Stored data entries:
+-------+

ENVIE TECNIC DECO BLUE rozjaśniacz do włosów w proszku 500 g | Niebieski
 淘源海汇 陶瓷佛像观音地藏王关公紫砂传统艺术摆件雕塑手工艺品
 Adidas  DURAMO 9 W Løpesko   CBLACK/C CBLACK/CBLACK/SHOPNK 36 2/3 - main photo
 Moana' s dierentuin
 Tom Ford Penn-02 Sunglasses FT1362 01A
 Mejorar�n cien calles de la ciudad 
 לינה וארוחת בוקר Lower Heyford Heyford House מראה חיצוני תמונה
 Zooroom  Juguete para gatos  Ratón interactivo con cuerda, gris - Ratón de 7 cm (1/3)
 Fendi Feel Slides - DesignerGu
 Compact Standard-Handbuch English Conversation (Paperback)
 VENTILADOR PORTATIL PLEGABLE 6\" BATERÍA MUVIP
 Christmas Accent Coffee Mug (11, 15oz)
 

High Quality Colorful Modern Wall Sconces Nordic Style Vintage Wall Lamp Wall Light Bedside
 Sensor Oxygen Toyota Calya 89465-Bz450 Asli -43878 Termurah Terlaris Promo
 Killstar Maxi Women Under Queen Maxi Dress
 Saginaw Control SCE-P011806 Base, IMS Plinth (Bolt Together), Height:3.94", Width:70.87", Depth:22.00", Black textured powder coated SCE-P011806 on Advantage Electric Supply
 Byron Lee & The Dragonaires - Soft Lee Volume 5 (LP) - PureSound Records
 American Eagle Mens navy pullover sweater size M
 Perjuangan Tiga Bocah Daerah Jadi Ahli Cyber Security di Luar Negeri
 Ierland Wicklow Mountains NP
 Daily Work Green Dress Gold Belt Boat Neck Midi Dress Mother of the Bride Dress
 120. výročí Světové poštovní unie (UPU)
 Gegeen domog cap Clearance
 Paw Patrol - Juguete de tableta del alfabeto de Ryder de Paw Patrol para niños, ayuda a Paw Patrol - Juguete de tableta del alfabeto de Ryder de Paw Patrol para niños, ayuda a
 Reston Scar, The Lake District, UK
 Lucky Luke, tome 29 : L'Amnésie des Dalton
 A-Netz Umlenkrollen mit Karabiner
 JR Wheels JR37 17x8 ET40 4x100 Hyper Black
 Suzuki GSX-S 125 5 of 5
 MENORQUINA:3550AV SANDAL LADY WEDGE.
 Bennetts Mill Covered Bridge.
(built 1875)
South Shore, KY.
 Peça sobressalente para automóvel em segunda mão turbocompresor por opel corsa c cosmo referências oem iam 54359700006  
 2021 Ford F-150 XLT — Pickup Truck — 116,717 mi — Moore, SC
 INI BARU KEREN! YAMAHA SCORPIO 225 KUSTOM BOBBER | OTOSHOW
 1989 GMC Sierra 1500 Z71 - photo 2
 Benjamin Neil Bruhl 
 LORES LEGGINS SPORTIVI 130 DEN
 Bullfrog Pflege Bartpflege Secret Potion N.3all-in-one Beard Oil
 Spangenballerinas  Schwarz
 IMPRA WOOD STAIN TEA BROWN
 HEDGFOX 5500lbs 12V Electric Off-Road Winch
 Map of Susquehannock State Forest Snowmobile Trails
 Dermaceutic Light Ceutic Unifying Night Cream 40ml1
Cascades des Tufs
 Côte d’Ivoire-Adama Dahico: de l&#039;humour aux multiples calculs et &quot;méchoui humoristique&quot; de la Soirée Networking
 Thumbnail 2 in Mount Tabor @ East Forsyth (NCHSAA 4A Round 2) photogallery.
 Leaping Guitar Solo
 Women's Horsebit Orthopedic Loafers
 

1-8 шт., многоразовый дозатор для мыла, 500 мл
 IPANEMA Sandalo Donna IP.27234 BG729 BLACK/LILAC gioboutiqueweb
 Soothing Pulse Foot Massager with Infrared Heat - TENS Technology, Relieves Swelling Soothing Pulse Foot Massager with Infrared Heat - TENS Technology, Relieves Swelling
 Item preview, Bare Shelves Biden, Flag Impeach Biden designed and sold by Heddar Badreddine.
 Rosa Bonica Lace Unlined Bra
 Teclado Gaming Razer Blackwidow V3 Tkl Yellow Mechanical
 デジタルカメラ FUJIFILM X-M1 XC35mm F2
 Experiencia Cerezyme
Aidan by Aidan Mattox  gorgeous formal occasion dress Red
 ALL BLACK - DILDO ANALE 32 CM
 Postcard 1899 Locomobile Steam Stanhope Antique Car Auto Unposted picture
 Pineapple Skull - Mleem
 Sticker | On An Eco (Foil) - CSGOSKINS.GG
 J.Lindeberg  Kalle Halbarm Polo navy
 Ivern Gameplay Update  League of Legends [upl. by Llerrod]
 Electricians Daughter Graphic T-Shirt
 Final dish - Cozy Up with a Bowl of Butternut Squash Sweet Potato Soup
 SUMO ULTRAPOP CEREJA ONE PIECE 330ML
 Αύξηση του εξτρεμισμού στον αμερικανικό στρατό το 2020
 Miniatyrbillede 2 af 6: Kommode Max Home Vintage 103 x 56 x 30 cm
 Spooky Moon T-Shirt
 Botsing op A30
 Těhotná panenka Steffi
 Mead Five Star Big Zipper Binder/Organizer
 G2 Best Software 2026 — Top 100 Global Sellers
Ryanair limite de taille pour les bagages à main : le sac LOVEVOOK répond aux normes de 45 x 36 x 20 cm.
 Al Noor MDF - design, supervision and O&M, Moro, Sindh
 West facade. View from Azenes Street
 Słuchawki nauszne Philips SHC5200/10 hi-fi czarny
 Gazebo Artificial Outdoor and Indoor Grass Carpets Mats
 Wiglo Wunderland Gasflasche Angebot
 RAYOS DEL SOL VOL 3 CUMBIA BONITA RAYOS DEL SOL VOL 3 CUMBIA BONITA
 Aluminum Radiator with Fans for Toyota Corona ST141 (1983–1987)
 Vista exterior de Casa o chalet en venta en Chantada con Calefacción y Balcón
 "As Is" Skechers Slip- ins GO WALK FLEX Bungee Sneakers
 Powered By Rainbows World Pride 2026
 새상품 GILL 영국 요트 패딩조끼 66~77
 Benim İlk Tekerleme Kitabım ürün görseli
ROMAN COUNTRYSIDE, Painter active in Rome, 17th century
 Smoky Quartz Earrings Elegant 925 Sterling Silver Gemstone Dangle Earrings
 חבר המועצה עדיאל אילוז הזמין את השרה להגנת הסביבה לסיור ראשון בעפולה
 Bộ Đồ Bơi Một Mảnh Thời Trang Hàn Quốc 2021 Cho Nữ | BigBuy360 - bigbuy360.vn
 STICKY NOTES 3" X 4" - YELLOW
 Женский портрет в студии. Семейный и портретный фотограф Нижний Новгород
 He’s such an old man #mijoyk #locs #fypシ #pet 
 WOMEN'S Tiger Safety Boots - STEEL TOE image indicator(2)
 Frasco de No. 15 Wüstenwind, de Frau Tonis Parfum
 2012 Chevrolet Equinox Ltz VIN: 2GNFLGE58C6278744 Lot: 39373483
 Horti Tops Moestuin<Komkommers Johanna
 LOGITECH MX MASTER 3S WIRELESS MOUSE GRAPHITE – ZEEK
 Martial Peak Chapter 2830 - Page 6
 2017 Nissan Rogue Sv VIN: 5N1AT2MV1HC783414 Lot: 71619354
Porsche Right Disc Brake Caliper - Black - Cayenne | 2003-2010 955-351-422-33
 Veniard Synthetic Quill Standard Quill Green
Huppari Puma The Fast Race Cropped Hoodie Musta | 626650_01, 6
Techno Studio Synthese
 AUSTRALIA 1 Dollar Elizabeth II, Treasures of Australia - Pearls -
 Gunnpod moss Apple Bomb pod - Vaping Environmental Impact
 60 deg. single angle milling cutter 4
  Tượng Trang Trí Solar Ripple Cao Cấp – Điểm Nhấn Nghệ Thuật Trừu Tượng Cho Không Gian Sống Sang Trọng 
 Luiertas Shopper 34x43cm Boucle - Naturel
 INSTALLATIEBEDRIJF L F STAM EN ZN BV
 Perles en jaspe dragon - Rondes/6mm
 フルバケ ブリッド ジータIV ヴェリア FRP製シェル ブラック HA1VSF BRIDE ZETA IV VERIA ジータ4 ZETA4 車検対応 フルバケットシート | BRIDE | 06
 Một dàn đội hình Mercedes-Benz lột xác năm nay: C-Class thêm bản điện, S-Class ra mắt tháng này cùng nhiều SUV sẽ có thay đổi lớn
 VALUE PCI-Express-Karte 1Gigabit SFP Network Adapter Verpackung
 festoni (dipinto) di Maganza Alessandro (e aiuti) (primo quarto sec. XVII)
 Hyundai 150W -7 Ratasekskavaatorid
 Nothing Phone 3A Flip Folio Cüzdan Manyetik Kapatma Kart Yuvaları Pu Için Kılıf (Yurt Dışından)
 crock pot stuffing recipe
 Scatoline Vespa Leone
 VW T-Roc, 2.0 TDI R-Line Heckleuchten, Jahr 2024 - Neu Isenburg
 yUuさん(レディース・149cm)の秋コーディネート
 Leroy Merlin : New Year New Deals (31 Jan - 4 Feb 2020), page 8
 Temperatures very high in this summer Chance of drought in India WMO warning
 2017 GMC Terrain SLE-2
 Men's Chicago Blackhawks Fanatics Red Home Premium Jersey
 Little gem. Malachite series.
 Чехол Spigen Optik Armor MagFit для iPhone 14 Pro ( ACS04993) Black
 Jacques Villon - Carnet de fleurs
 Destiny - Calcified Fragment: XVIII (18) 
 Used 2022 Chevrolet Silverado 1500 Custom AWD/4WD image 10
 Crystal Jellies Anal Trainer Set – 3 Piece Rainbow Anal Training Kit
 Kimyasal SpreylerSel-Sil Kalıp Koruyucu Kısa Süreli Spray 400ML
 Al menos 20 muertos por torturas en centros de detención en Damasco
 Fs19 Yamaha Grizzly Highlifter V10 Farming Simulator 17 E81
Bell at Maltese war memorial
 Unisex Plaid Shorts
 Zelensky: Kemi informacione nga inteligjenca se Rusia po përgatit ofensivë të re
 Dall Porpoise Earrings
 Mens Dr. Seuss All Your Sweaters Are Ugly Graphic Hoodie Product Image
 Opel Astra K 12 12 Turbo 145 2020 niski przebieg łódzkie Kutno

+-------+

▶ [Exercise goal] Whenever the string "Graphic" shows up in a line of the records, copy that line.

▶ [Written solution]
 Electricians Daughter Graphic T-Shirt
 Mens Dr. Seuss All Your Sweaters Are Ugly Graphic Hoodie Product Image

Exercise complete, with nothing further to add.